Green Open Access and Preprint Linking

ICSE 2013

One of the most useful changes to the ICSE International Conference on Software Engineering this year, was that the program website contained links to preprints of many of the papers presented.

As ICSE is a large event (over 1600 people attended in 2013), it is worth taking a look at what happened. What is preprint linking? How many authors actually provided a preprint link? What about other conferences? What are the wider implications for open access publishing in software engineering?

Self-Archiving

Preprint linking is based on the idea that authors, who do all the work in both writing and formating the paper, have the right to self-archive the paper they created themselves (also called green open access). Authors can do this on their personal home page, in institutional repositories of, e.g., the universities where they work or in public preprint repositories such as arxiv.
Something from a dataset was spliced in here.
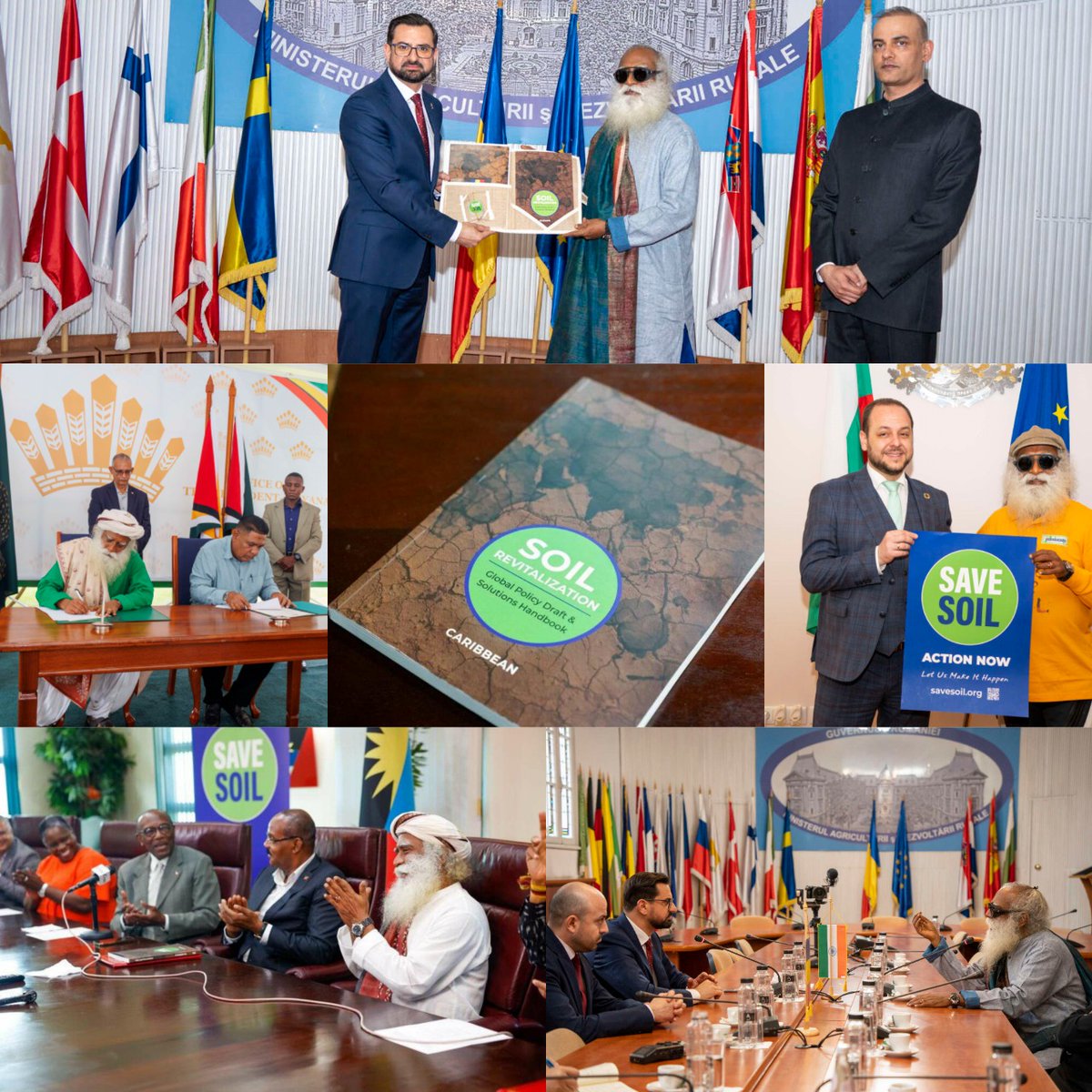 Adarshyarnagula's tweet photo. It is incredible to see how people from various countries are responding to @SadhguruJV with such openness and care. Truly a momentous period in our lives. #WorldUnitesForSoil. Watch Culmination of Sadhguru's #SaveSoil Journey today: https://t.co/DEln7zenM0 https://t.co/p3zwINqDnM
Sharing preprints has been around in science since decades (if not ages): As an example, my ‘alma mater’ CWI was founded in 1947, and has a technical report series dating back to that year. These technical reports were exchanged (without costs) with other mathematical research institutes. First by plain old mail, then by email, later via ftp, and now through http.

While commercial publishers may dislike the idea that a free preprint is available for papers they publish in their journals or conference proceedings, 69% of the publishers do in fact allow (some form of) self-archiving. For example, ACM, IEEE, Springer, and Elsevier (the publishers I work most with) explicitly permit it, albeit always under specific conditions. These conditions can usually be met, and include such requirements as providing a note that the paper has been accepted for publication, a pointer to the URL where the published article can be found, and a copyright notice indicating the publisher now owns the copyright.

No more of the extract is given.